● **Directions for this task**:
Shown below is a listing with pictures; reproduce exactly, and only, the lines between the ones containing "WA license plate ADP4852" and "Thuốc tiêm Lincomycin 600mg/2ml", inclusive, leaving the pictures out.

● **Information shown**:
++++++

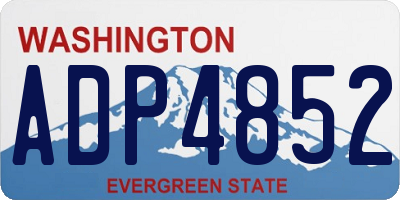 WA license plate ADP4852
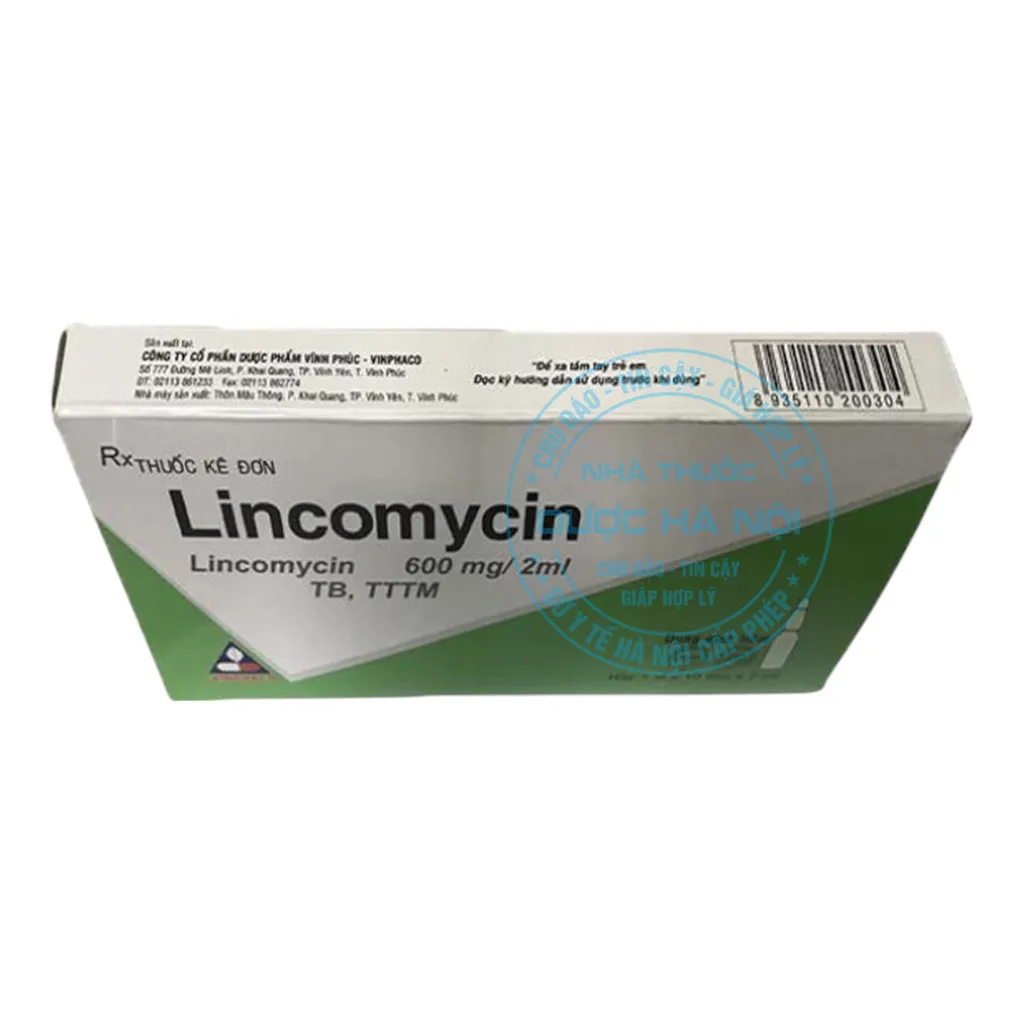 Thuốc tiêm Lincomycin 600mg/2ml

++++++

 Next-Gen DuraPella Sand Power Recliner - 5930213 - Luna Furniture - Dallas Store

++++++

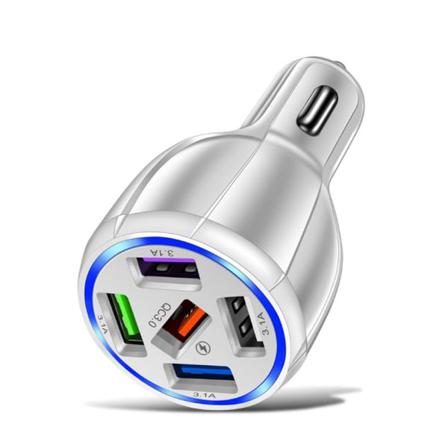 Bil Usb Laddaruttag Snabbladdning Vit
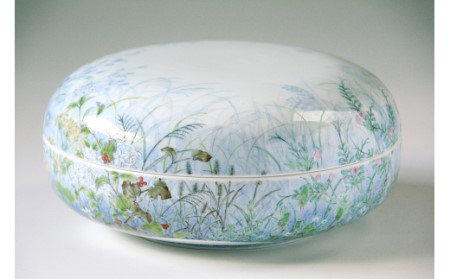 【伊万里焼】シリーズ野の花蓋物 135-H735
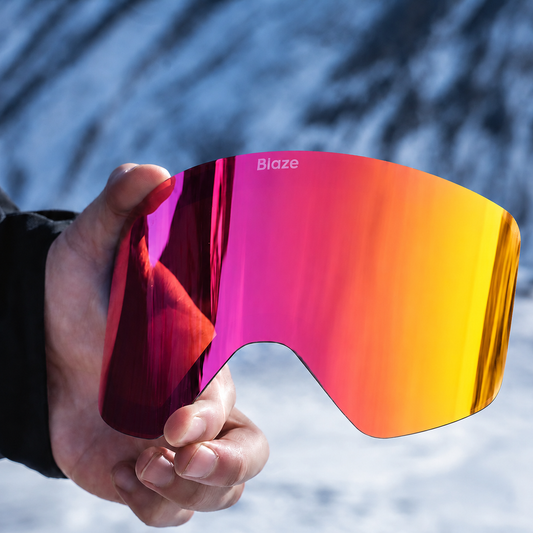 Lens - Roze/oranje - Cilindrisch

++++++

● **Exercise result**:
 WA license plate ADP4852
 Thuốc tiêm Lincomycin 600mg/2ml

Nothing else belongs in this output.